While biofuel generates fewer BTUs than a comparable amount of petroleum oil, the difference is arguably offset by burning biofuel more cleanly, thereby producing less soot inside the boiler and the “stack,” which is the industry term for a chimney or similar outlet. “As the boiler gets impacted with a buildup of soot inside,” says Pullo, “the burner has to work harder to generate heat because the boiler metal isn’t getting heated as fast. With biofuel there’s less sooting.”
You can determine your system’s heat efficiency by measuring what’s called the “stack temperature.” If the stack temperature is high, it means heat is escaping up the chimney, says Pullo, “because the boiler has to overwork because of the [soot] impaction.” With a cleaner burn and less soot, “you’re not impacting your boiler as fast and your stack temperature goes down drastically. In Paul’s case, it went down 50 degrees in the first couple of weeks of using biofuel. That’s a big improvement.”
All this might sound like sales hyperbole – except that Miller, who is there in the trenches, agrees with Pullo. “It burns so much cleaner,” the board president says of the biofuel his building uses. “You can tell because of the stack temperatures. We have a chart that’s now a year old and we can see the progress, which is wonderful to see.”
Not everyone’s convinced, however. “Buildings of mine that have done it haven’t seen the savings,” says Beer. “They may get the tax credits, but they’re not getting the cost savings they expected.” While biofuel may burn more cleanly, those buildings’ boards “may not be getting the BTUs they expected.” Then, again, the CPA admits: “Maybe the buildings where it does save money aren’t out there saying, ‘We’re getting the benefits,’ and I’m just hearing the negative side.”

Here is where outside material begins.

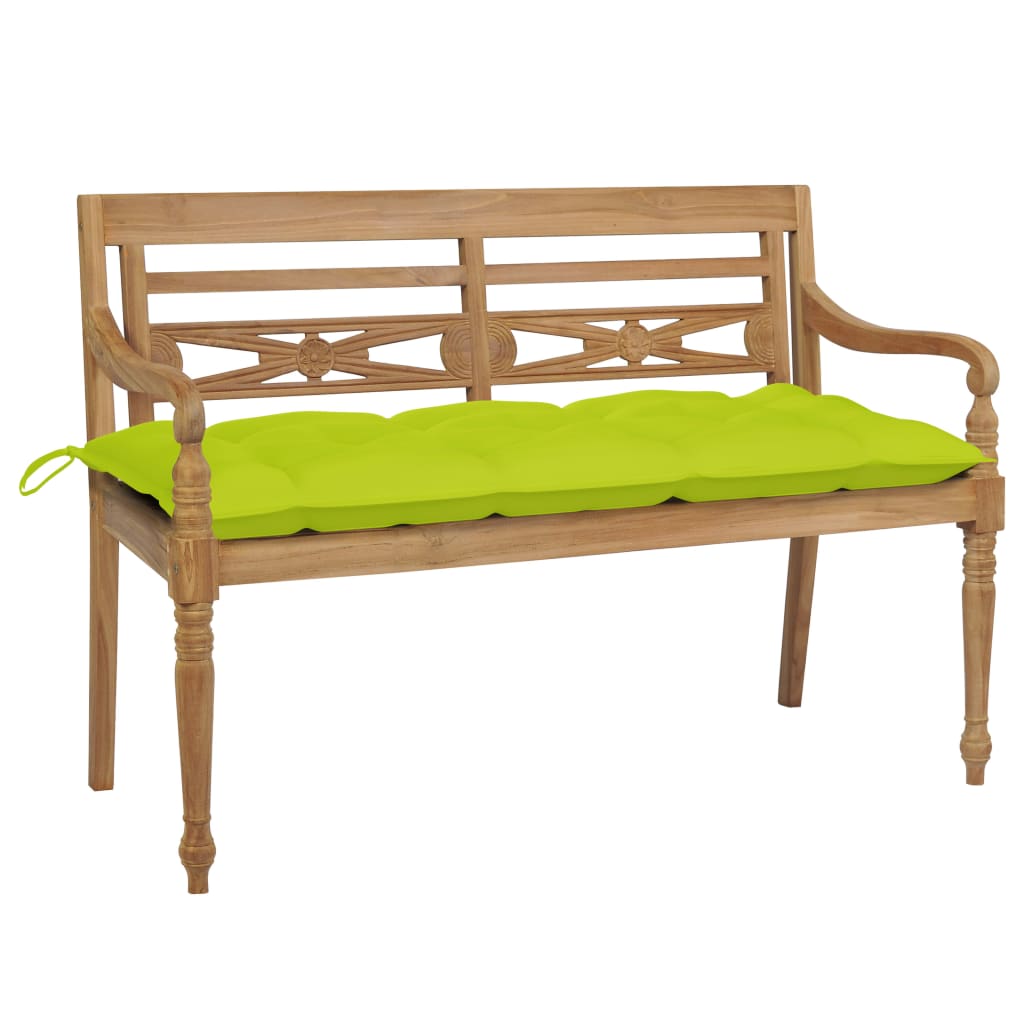vidaXL Batavia Bench with Bright Green Cushion 120 cm Solid Teak Wood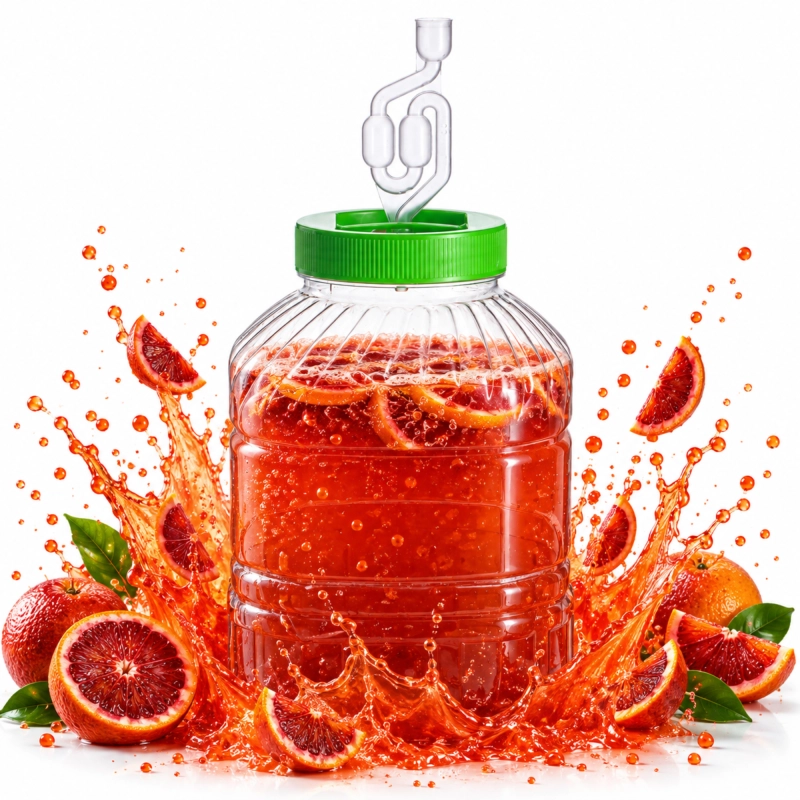 Plastikowy kwadratowy fermentor PET 8 l z pomarańczowym nastawem z rokitnika lub dzikiej róży, rozbryzg soku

Still, biofuel isn’t a panacea – two studies published in the journal Science in 2008 suggest that biofuel production results in new lands being cleared, either for food or fuel, and that replacing rainforests, grasslands, or scrubland with cropland adds to the greenhouse effect. And while biofuel burns cleaner than petroleum oil, a certain amount of carbon emissions occurs from refining and transportation. (Nor is natural gas a silver bullet. While it also burns more cleanly than oil, it still contains carbon emissions and the extraction process called hydraulic fracturing can contaminate watersheds.)
But other sources purport to show statistically that rainforest deforestation decreased from 1990 to 2005, a period in which biofuel began to be available in mass-market amounts, and still others point to myriad complexities that cloud simplistic claims one way or the other. And most everyone agrees that moving away from petroleum oil has to happen in the long run, its place taken by a variety of alternatives from solar to wind to wave to geothermal to biofuel.
And in terms of thinking globally and acting locally, the biofuel conversion at 308 East 79th Street has been “nothing but a plus,” Miller says. “Families are thrilled we’ve taken the initiative to go to biofuel, to be a trendsetter and a leader.”